One solution, if you prefer to use structs, is to implement the context
pointer yourself:

        class Outer
        {
                int inn;
                struct InnerS
                {
                        Outer* outer;
                        int able;

                        this(ref Outer _outer)
                        {
                                outer =&_outer;
                        }
                        void setable()
                        {
                                able = outer.inn;
                        }
                }
        }

If you're 100% certain InnerS will never be used outside of class Outer,
and it is only ever instantiated once inside the class, then you may be
able to get away with using pointer arithmetic from the this pointer of
InnerS to compute the reference to class Outer, but you'd be treading on
tricky ground. Here's an example:

        class Outer
        {
                int inn;

                struct InnerS
                {
                        int able;

                        void setable()
                        {
                                // Buahaha
                                int* innp = cast(int*)(cast(ubyte*)&this - 
Outer.inner.offsetof + Outer.inn.offsetof);

                                // Behold! No need for context pointer!
                                able = *innp;
                        }
                }

                // Don't ever instantiate InnerS except here, otherwise
                // things will fail in ugly ways!
                InnerS inner;
        }

You could, of course, wrap up the ugly pointer arithmetic in a nice
mixin, and pretty it up with parameters that allows you to use it
generically for any struct nested in any class. But the above gives the
basic idea behind it.

Note that pointer arithmetic is *not* recommended in general, as you
will get memory corruption if you ever instantiate InnerS outside of
Outer, or more than once in Outer, and then call setable(). But if
you're desperate to avoid the overhead of an extra context pointer, the
above may help you. :-P


T

Well, InnerS should *NEVER* be instantiated outside of Outer. To ensure that every method and variable is private. OTOH, if I should ever decide to implement ranges, I'll need more than one copy. The "this" constructor with a parameter is a bit better, or I may just decide that simplicity is worth adding a huge lot of extra indirections, and leave it as a class.

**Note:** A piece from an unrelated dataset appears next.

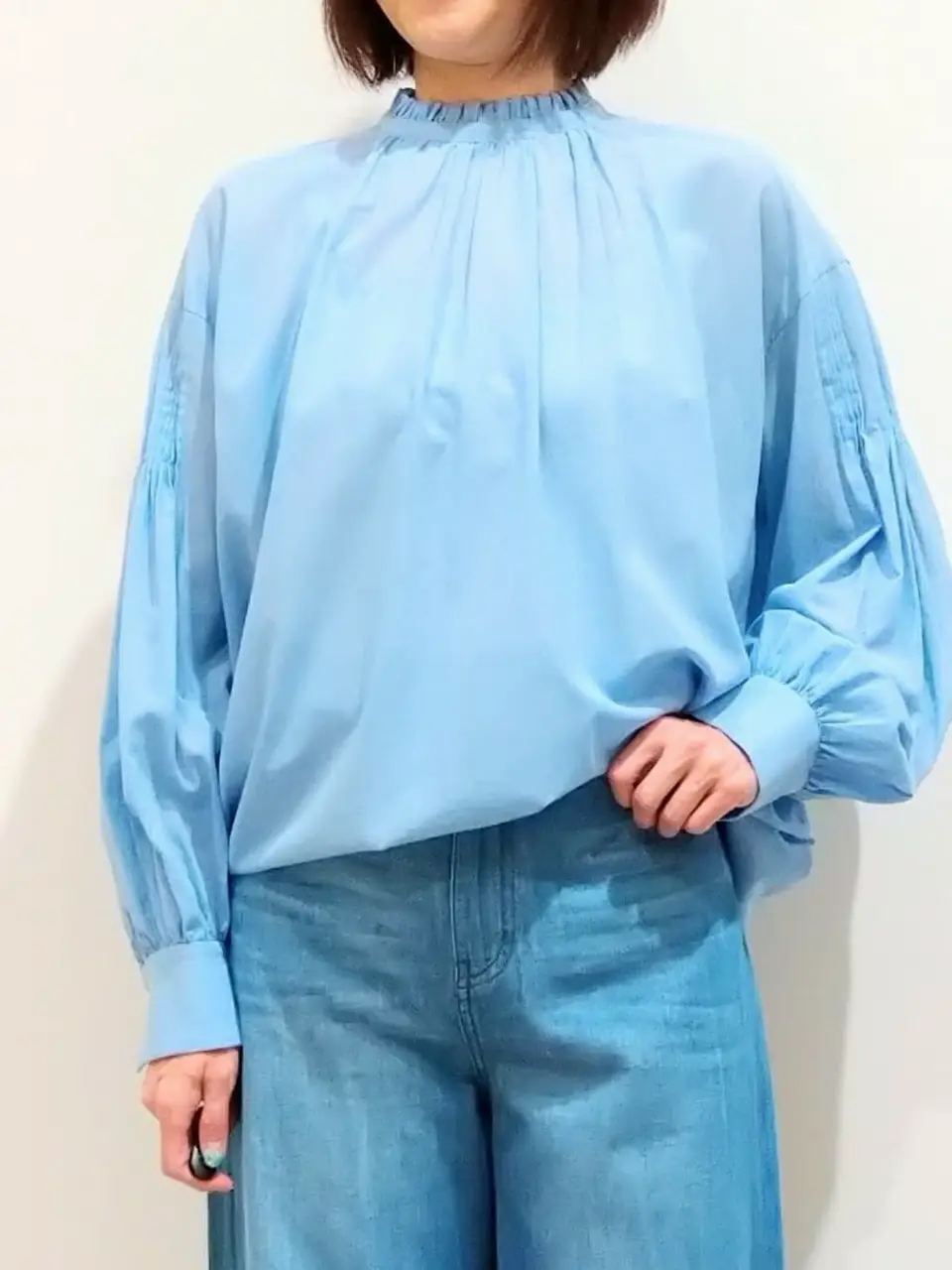 23区 奥山 コーディネート画像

This is the kind of thing where any manually maintained change is likely to be brittle, so I don't think that pointer arithmetic is at all reasonable.

So only the two choices of passing the containing class in the constructor and converting it into a class seem reasonable.

Actually, there's a third choice that is probably the one I'll use. I didn't need the struct until I decided to refactor the code to make it simpler. I can just undo the refactoring. That's an ugly answer, but it doesn't sacrifice efficiency. But first I'll read up on initializing struct.s with parameters. I should understand that more anyway.

Looking over the original code a bit more, I don't think the constructor would work, as the tests for error happen during the calls on Inner methods. So it's either class, or undo the refactoring. And for this reason and that, probably that means undo the refactoring. (It's not entirely for reasons of speed. I'm also considering maintainability.) Making it into a class rather than a struct *would* work, but I chose a struct because I wanted isolation (for simplicity) without a run-time penalty. But it appears as if it wouldn't work, barring fragile tricks.